The Fiscal Compact is an intergovernmental treaty which sets a stricter limit to public debt than the European Treaties have so far. As it deviates from established German constitutional law only in minor points, it is expected to raise fewer concerns with the FCC. The major point the plaintiffs have raised is whether the principle of democracy is violated as the Compact might not be abandoned by a party in an unilateral move. The French Conseil Constitutionnel has already approved the Compact without requiring prior constitutional amendment.

Speculating about the outcome of a certain case at the FCC is like gazing into a crystal ball. One can, however, be quite certain that the FCC will approve the challenged acts in general. So far the FCC has never blocked the ratification process of any treaty concerning EU matters. However, most of the times it has requested minor adjustments. Lately the FCC repeatedly called for stronger parliamentary participatory rights in EU matters. The German ESM act, however, is already quite progressive on that topic. Furthermore, speculation has it that the judges may impose reservations which Germany would have to make under international law before ratifying the treaty. This might e.g. concern limitations to liability or stronger transparency within the ESM. The FCC might also try to link the German delegate in the ESM bodies stronger to the Bundestag’s resolutions.

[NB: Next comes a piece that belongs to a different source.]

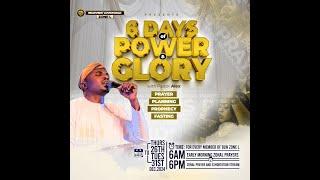 LIVE: 6 DAYS OF POWER AND GLORY WITH PASTOR ALEX .O. (DAY 2)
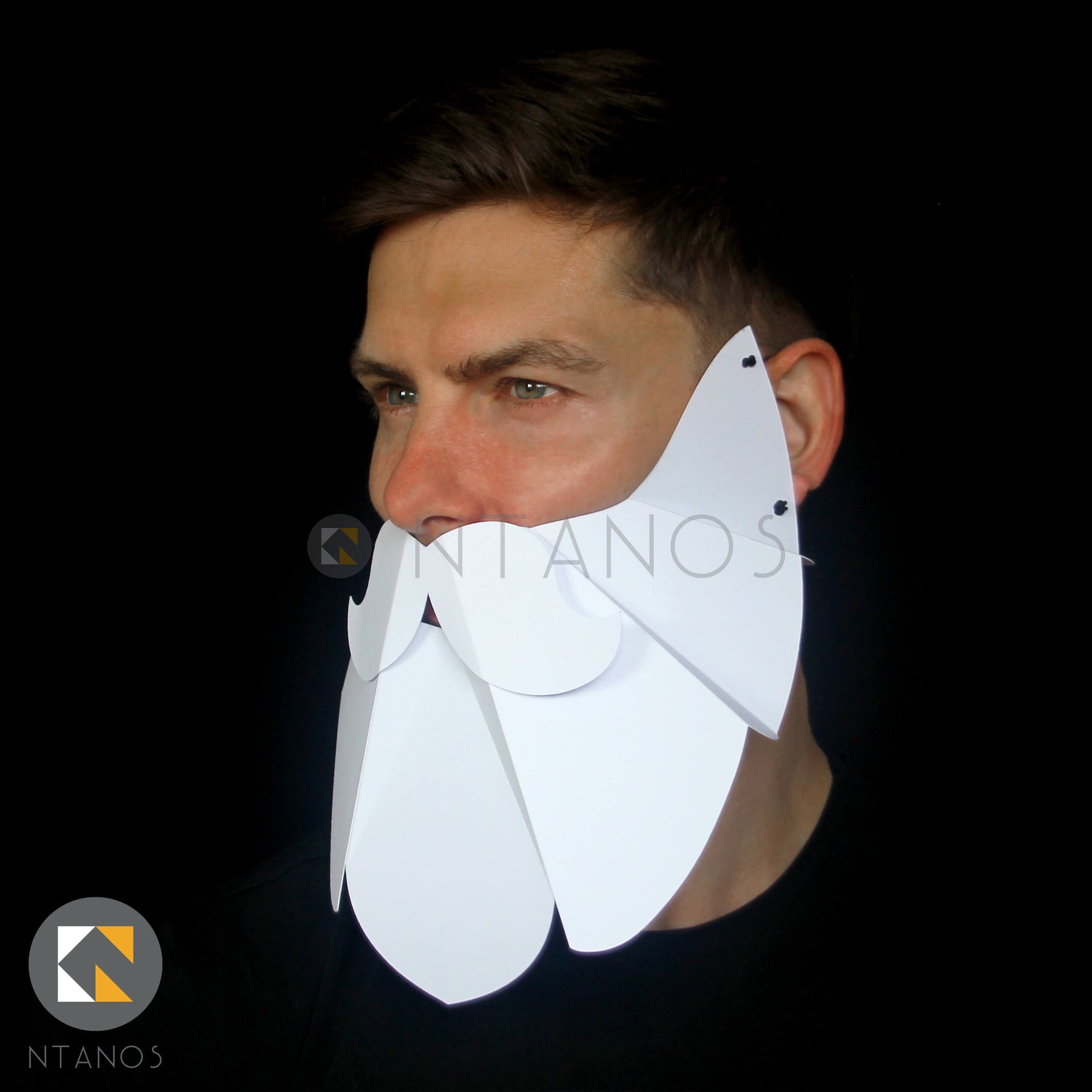 Paper Beard Big Beard | Papercraft Templates by Ntanos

An even more interesting question is how the order will fit into the FCC’s more general strategy. In recent interviews FCC judges have expressed the opinion that the limit of competences which can be conferred upon the European Union has almost been reached. This furthers a development which took its origin in the Court’s Lisbon judgment. In the FCC’s view, democracy is almost entirely linked to the nation state. Supranational democracy can only be complementary. This line of thought has been severely criticized, and convincingly so. The preamble of the Basic Law aims for a “united Europe”. The FCC has turned the Basic Law on its head and sees itself as a fortress against European integration. The consequence is that certain competences cannot be conferred to the European Union, not even by constitutional amendment. In the current crisis this might be most relevant with regard to the Bundestag’s budget autonomy. While the line of thought itself is deplorable, its outcome might yield positive results. The FCC is trying to strengthen public discourse on EU matters. Its aim is a referendum according to Art. 146 Basic Law on a new constitution for Germany which explicitly allows for further integration. This call for a referendum is often met by positive reactions in the political realm. What will be the influence of the upcoming order on this strategy? The FCC will probably not order a referendum to be held. However, it might not get around clarifying further where the current Basic Law’s red line is. While the FCC resists calling a referendum itself, it will probably try to further push political discourse in that direction. While Angela Merkel is thinking about a European Convention, a referendum on a new German constitution – not long ago a far-fetched idea – might come closer.